## ABOUT THIS TASK
For the entries that appear below, write out the exact text and omit the pictures.

## DATA TO PROCESS
"""

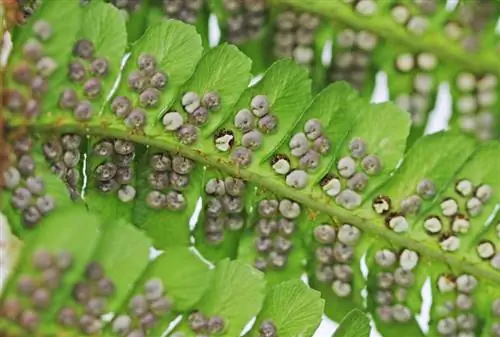 Generational change in the worm fern: A fascinating process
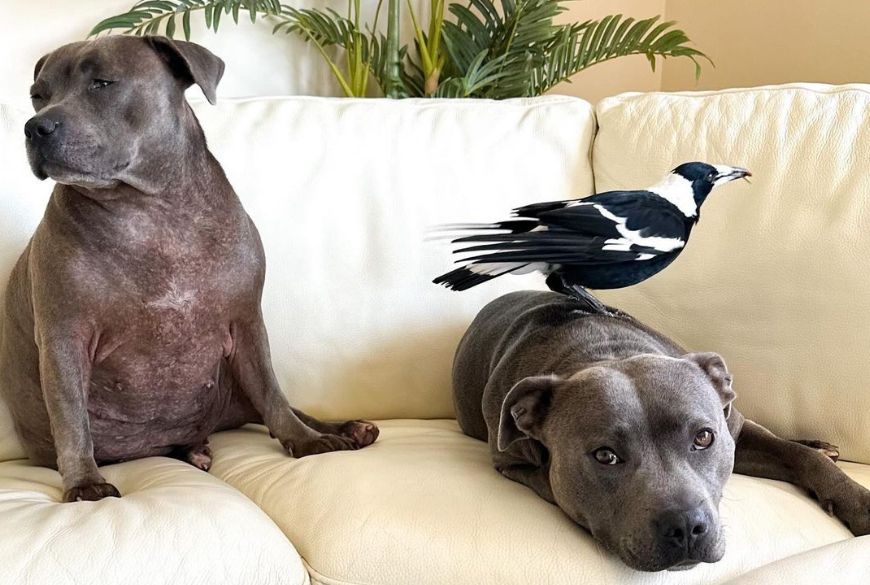 Molly the Magpie Reunited with Dog BFF Peggy After Arrest Drama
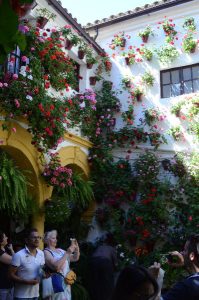 OveLu_PatiosCordoba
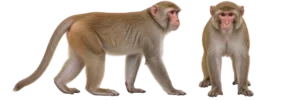 Rhesus Monkey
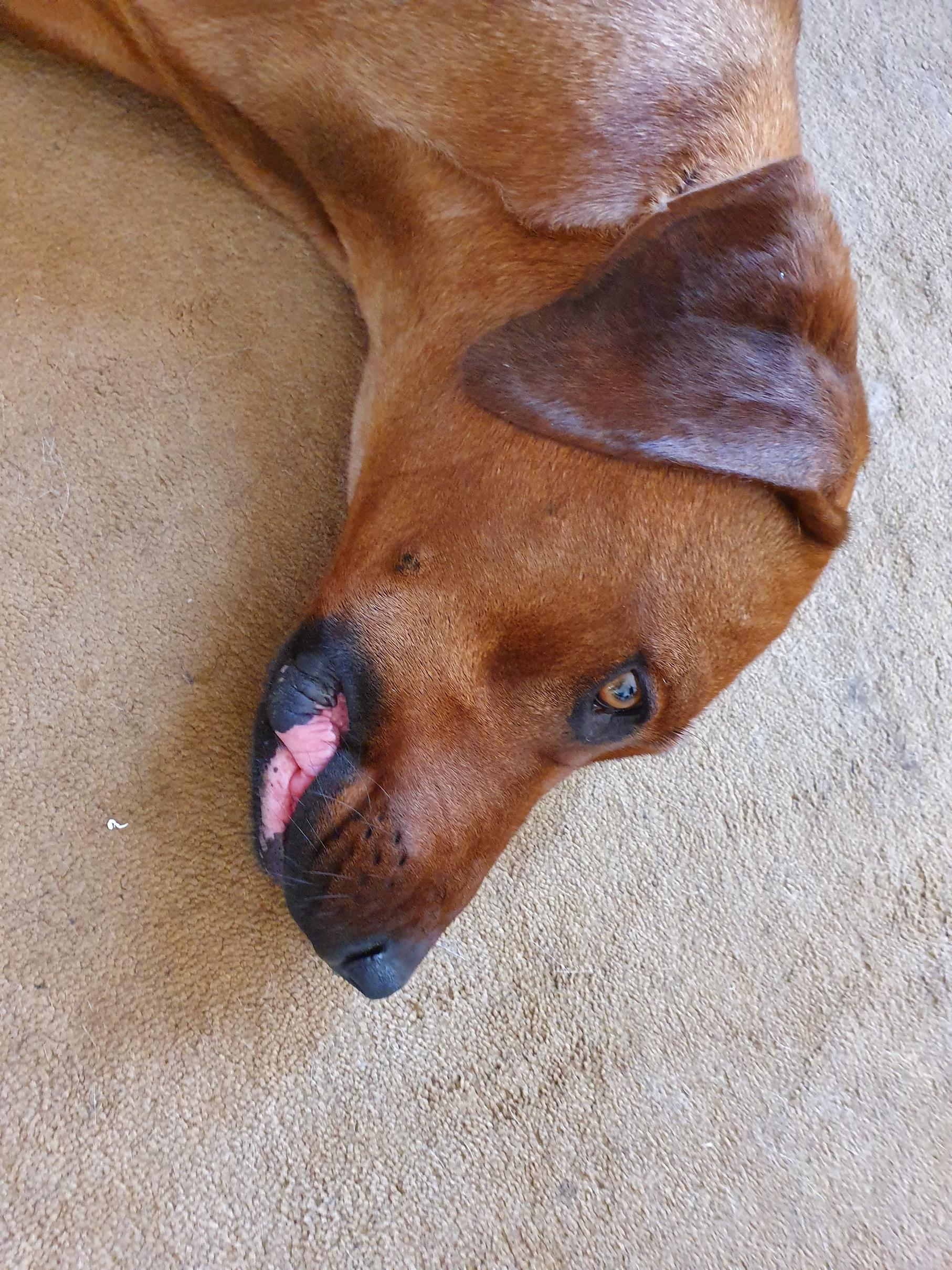 health My dogs lips and gums are changing color Pets Stack Exchange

"""

## THE ANSWER
 Generational change in the worm fern: A fascinating process
 Molly the Magpie Reunited with Dog BFF Peggy After Arrest Drama
 OveLu_PatiosCordoba
 Rhesus Monkey
 health My dogs lips and gums are changing color Pets Stack Exchange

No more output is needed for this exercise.